Friends with the Mackinaw Bridge!  (I'm behind the camera)

This community is important for my own life in many ways.  And it is also important for the health of the new marriage that we witnessed and celebrated.  Even though our culture often says that marriage is all about two people, marriage doesn’t exist in a vacuum.  Marriages need community, too.

The groom had a group of friends and family gathered, too, along with many people from the churches that he serves.  Together, I hope all of these communities take seriously the promises we made as part of the wedding:
“Families, friends,
and all those gathered here
with Jeremy and Liz,
will you support and care for them,
sustain and pray for them
in times of trouble,
give thanks with them
in times of joy,
honor the bonds of their covenant,
and affirm the love of God
reflected in their life together?”

We promised “we will.”  We will, God helping us, live out these promises.  We will be a community that will support this couple in their marriage.

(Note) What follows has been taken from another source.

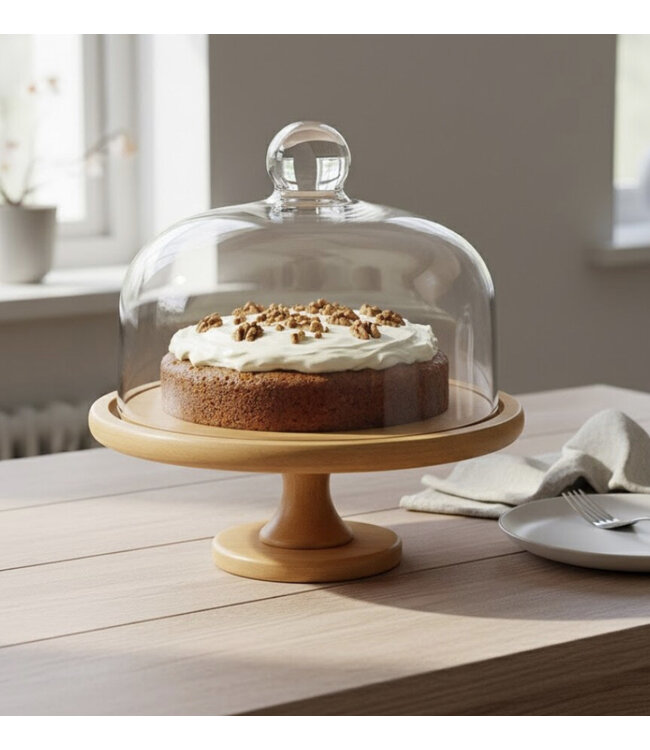 Tortenständer aus Holz mit Glasglocke – 30 cm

As their symbol of unity, we celebrated communion together.  This is common in Lutheran weddings (Jeremy’s Lutheran).  It was a beautiful act of worship to celebrate how Christ brings us together in love.  We are united with Christ in baptism.  And through Christ, we are united to each other.  Some are united in matrimony, and we are all united in the Church.  This unity was the joy we celebrated this weekend in a wedding ceremony and late night chats.